With Pride quickly approaching in Minneapolis, this post is about the unique difficulties encountered by queer couples.
The common assumption is that queer couples have the same problems as straight couples. Indeed, they do, and yet they have other stressors that heterosexual folks don’t. Queer couples don’t have the same privilege that straight folks take for granted. This creates stress for the couple, which often goes unacknowledged by others.
This is by no means a complete list. Instead, these are stories meant to increase awareness.
Queer couples can be limited in how they show affection in public. In our office, one couple reported being harassed on vacation because they were simply holding hands.
When gay couples have children, it can be hurtful when people make heteronormative assumptions about the other parent. This can range from birthing classes to the delivery room, and it goes on into the school years. We worked with a couple who reported the school teacher repeatedly said, “bring this homework to your mom and dad.” Obviously, not inclusive language.

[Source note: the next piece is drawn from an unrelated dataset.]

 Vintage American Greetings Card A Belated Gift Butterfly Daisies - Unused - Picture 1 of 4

Disrespectful, invasive, and even sexualized comments are can be made by well-meaning, otherwise supportive heterosexual couples. This week, an Instagram post from Glennon Doyle reads: “If you wouldn’t say it to a straight couple, don’t say it to gay couple. Getting weary of smiling politely at the ‘you two are turning me gay. I’d leave my husband for your wife’ comment. Gay couples deserve all of the boundaried respect you offer straight couples.” Comments like these are offensive and disrespectful to queer couples.

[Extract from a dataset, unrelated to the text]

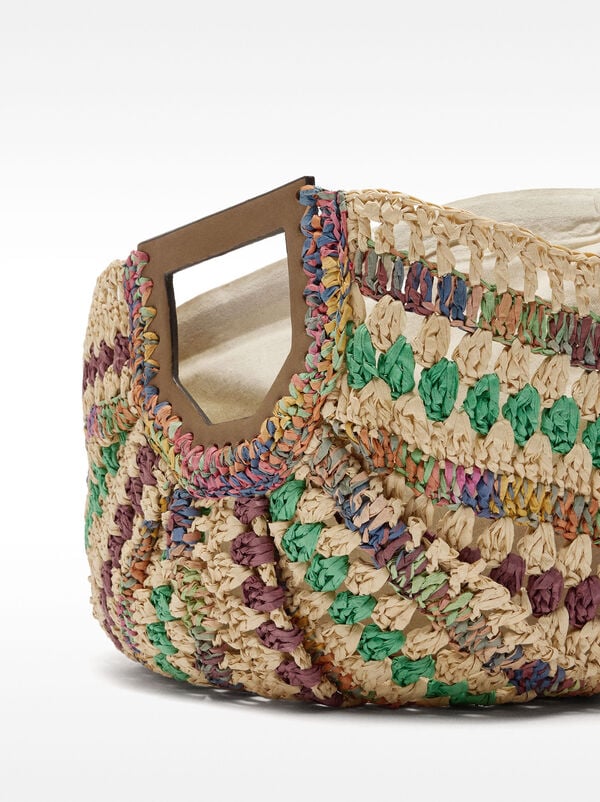 Handbag with multicolor straw effect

Days after the 2016 election, many queer couples were fearful about a lack of validation for their marriages. Discussions about whether their marriage would be considered legitimate are still happening in our office. Gay couples live with this fear every day.
A same-sex couple was referred to us by a colleague after one partner had an affair. We suggested the same affair book that we suggest to all of our couples who are dealing with an affair. We were unaware that the book made no mention of gay couples in any example. We should not have assumed. This illustrates that we have a long way to go.

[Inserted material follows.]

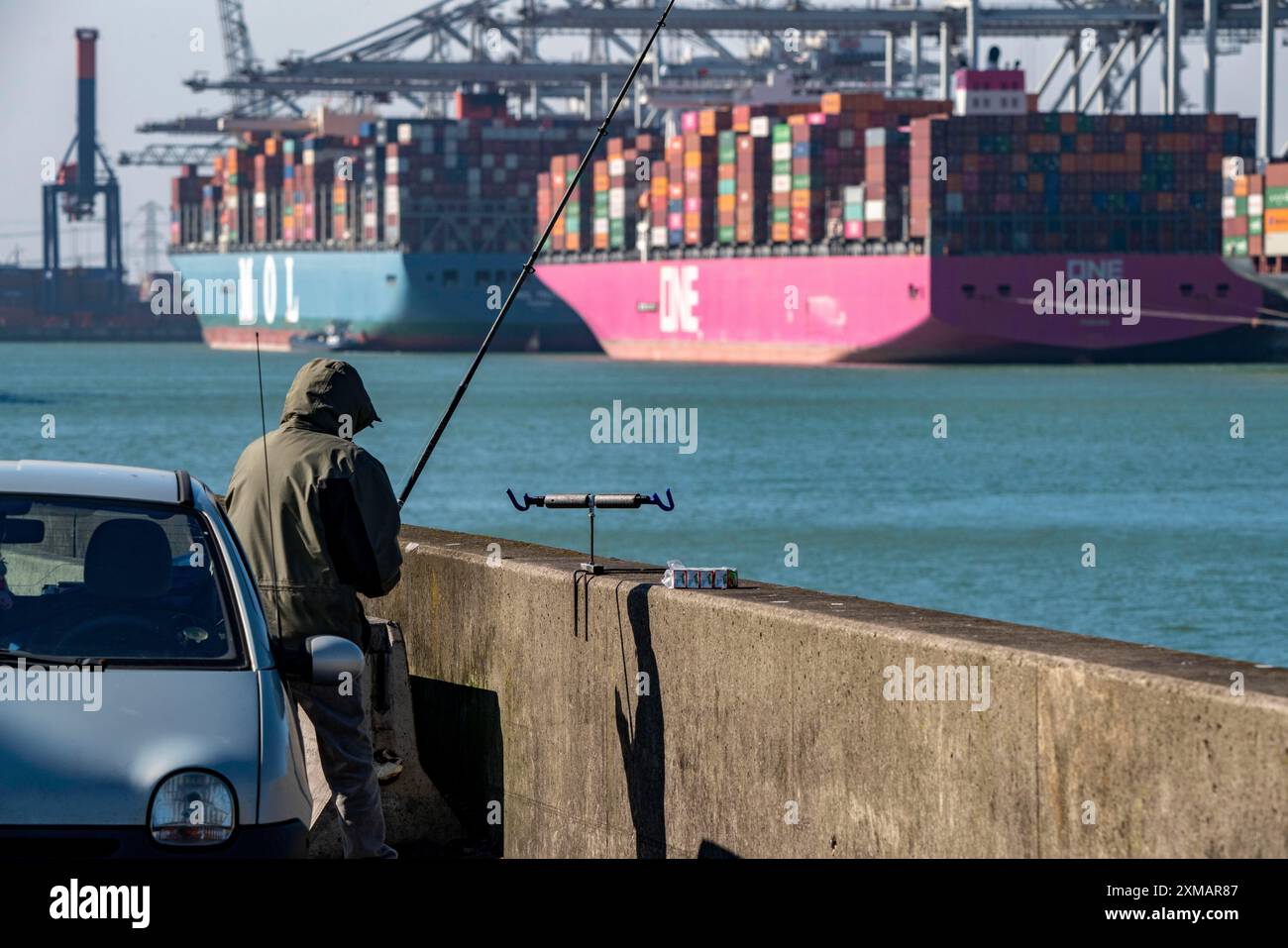 Der Seehafen Rotterdam, Maasvlakte, Hutchinson ECT Delta Terminal, Container Terminal, im Amazonehaven Rotterdam Niederlande Stockfoto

Heteronormative biases impact queer couples on a daily basis. When we sit with gay couples who are relationship distress, we are aware of how heterosexual assumptions exacerbate their relationship stress. Queer couples can’t take things for granted, because our culture does not affirm and validate them the way it does for straight couples.
Gay communities are meant to support and un-isolate these couples. We are grateful for Pride in Minnesota. Hope to see you there!